Brandon Zamudio’s academic journey at Princeton began with politics, which is his major, and because of opportunities offered along the way, has included a couple of other destinations: French language and culture, and theater. He is pursuing certificates in both.
“If you asked anyone in high school what I would major in, they would have said politics,” he says. “After I came here, my interests shifted around. I thought I would go to law school and specialize in corporate or constitutional law, but I took French. Then I thought I would do a career in diplomacy, and I got more involved with theater.”
As the son of a Colombian father and a Puerto Rican mother, Zamudio learned Spanish at home. French is a language he picked up at Princeton through course work and international travel. He spent part of his summer after freshman year studying the language in Aix-en-Provence. The program
was sponsored by the Department of French and Italian. The following summer, he dedicated five weeks to an internship at the Château de Compiègne, a museum near Paris. The museum features art from the second French empire in the mid-1800s. His official responsibilities were to research artifacts that would be used in an exhibit the following year, but those responsibilities took him in another direction.
“One day I was taking a tour of the archives, and I found a collection of prints of newspaper illustrations of the American Civil War,” he says. “They were published in French newspapers in the 1860s, which I found really fascinating. So I initiated another project, and I analyzed them, described them and indexed them with a codified system that I created. That went up to the national database for French museums.”

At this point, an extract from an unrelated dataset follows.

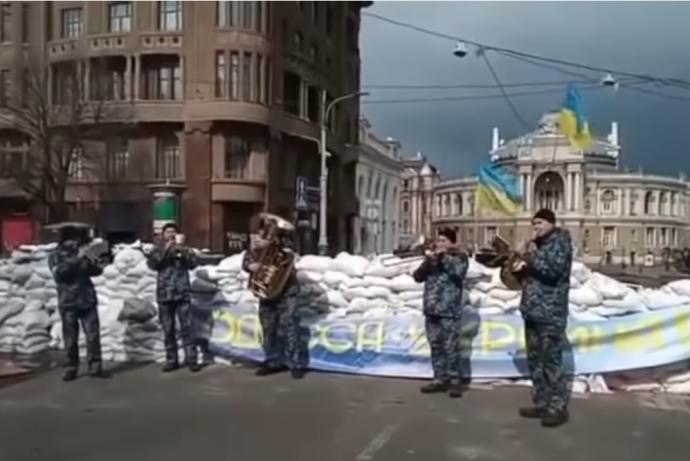 La banda, delante de los sacos que la población ha colocado para intentar defender Odesa.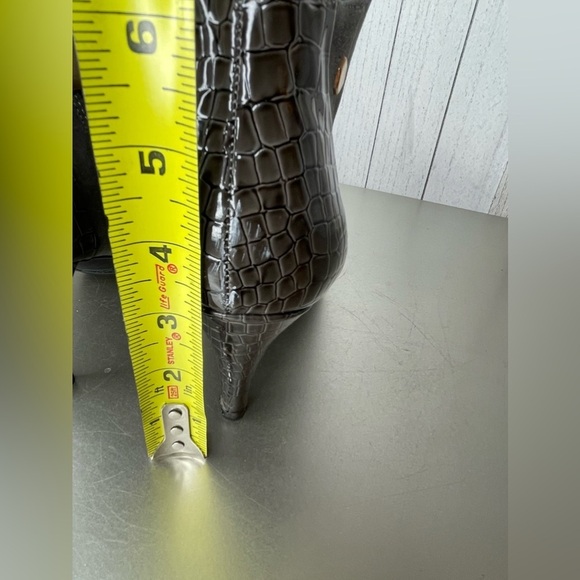 Jaclyn Smith Booties Size 9 Gray Side Zipper Heeled Faux Croco Vegan Leather - Picture 8 of 8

His interest in theater was catalyzed by trips to Broadway offered through his residential college. The visits energized him, and at first he decided to break into Princeton theater as an actor. He performed in a couple of plays with the Princeton Shakespeare Company, but found that production was more to his liking. He connected with Theatre Intime and worked backstage, and later worked on lighting design for the Princeton University Players. By the end of his junior year, he had worked as an assistant lighting designer for three shows and as a full lighting designer for two shows. He also worked as the webmaster and business manager for Princeton University Players, and as a rising senior he was a summer intern in the general management department of the New York Musical Theatre Festival, which stages 30 productions every July.
In his junior year, he produced and directed “8,” a play about California’s Proposition 8, for which he won the “Outstanding Work by a Junior” award from Princeton’s Lewis Center for the Arts
. The play, which was staged in New York City and Los Angeles, makes the case for marriage equality. At Princeton, it was performed as part of a benefit event in the Frist Film/Performance Theatre and was followed by a panel discussion with Deborah T. Poritz, the former chief justice of the New Jersey Supreme Court, and Daniel Pinello, author of “America’s Struggle for Same-Sex Marriage.”
Zamudio says the academic journey still very much includes politics. He has enthusiastically embraced courses in comparative politics
, international relations
, constitutional law, racial politics and communications regulation. He says his current plan is to reconcile his interests in politics, law, language and the creative arts by possibly working in arts or entertainment law. “If it happens, that would be great,” he says.